In January, the department confiscated 438 firearms, 206 of them semiautomatic pistols, a weapon favored by drug traffickers. Last month, the department took 376 guns off the streets, 197 of them semiautomatics.

During the same two months in 1995, the department confiscated 564 guns.

With firearms becoming more sophisticated they are easier to conceal and carry more deadly rounds and with 3 million more guns manufactured each year, Mr. Frazier acknowledged that his department is fighting a barely winnable war.

"We know this doesn't represent a victory," he said.

But with the department focusing on gun violence, coupled with a federal program that is targeting gun-carrying felons, people living in some of Baltimore's toughest neighborhoods could see fewer shootings on their streets, the commissioner said.

"People need to feel safe about being outside," Mr. Frazier said.

Prosecutors will review the firearms cases to determine whether any of the suspects qualify for prosecution under a federal program called "Disarm." It's a joint local and national effort to target gun violence and prosecute suspects through the federal court system, where sentences are far stiffer for firearm and drug trafficking violations.

"The main targets of the program are repeat, violent felons," said M. Stewart Allen, who heads the Baltimore division of the U.S. Bureau of Alcohol, Tobacco and Firearms.

Mr. Allen said yesterday that a recent ATF study found that habitual offenders commit an average of 160 crimes each year.

Under the "Disarm" program, repeat gun law offenders or suspects carrying firearms during drug crimes can qualify for federal prosecution.

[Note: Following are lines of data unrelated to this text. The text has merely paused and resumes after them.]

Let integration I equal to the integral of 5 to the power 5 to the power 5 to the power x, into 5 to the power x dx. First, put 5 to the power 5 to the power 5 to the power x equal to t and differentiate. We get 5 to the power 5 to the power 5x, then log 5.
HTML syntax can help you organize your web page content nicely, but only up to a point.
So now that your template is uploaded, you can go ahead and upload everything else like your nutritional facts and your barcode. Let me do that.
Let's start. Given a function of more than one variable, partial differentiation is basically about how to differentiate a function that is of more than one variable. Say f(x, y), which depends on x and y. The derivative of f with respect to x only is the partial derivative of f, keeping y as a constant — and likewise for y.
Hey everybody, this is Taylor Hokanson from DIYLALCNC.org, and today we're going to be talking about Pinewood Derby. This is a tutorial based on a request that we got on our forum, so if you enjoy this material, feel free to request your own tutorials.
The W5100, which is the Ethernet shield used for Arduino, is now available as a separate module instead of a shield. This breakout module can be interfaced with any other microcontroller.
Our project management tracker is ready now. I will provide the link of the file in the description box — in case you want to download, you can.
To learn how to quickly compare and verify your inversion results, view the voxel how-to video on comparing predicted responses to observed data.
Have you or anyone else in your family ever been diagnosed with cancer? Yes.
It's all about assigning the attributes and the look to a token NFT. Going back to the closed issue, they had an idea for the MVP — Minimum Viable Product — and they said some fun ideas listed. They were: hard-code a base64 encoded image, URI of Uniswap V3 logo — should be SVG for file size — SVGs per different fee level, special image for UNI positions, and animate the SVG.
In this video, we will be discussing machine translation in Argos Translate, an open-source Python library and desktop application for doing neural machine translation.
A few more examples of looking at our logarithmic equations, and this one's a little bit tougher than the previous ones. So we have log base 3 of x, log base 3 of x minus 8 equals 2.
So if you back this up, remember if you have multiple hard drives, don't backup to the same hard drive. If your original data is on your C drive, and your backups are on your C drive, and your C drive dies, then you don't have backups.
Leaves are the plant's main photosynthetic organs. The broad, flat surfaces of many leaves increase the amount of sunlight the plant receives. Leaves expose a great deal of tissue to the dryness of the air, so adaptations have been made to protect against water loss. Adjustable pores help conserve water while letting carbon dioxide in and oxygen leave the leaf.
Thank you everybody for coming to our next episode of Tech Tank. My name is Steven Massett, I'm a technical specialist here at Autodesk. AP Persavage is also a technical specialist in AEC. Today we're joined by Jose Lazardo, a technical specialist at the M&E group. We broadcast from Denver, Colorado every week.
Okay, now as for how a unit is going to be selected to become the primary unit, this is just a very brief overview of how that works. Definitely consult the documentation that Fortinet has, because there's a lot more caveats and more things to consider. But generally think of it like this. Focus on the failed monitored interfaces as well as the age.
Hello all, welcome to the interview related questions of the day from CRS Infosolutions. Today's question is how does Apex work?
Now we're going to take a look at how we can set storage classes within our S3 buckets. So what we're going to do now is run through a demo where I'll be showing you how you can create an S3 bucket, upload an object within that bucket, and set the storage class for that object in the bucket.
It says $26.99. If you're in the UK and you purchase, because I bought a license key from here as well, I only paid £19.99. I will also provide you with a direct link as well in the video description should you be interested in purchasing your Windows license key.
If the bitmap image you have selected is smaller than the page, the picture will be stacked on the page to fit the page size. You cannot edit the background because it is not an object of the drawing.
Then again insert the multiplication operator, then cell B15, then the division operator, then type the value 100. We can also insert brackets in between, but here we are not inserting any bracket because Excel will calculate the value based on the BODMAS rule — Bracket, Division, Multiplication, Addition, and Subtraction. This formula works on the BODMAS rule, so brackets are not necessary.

"This is one of the most successful programs I've seen in my career," Mr. Allen said.

Federal and city prosecutors said the program, begun in 1994, is starting to take its toll on criminals.

Last year, Baltimore State's Attorney Patricia C. Jessamy changed her drug prosecution policy, focusing her office on serious drug and gun cases while clearing the felony court docket of smaller possession cases.

"We continue to prosecute defendants vigorously in Baltimore City," she said yesterday. "But we have to make an emphasis on getting guns off the streets."

During yesterday's news conference, U.S. Attorney Lynne A. Battaglia unfurled long sheets of paper chronicling the criminal past of one of the 74 suspects prosecuted under the "Disarm" program in Maryland. Ross Avon Sellman, 45, with a rap sheet for robbery, breaking and entering and drug trafficking, is now serving a 26-year federal sentence for possessing drugs and guns. Ms. Battaglia said her office is anxious to accommodate more career criminals like Sellman.

"These are the types of people who should be prosecuted federally," she said.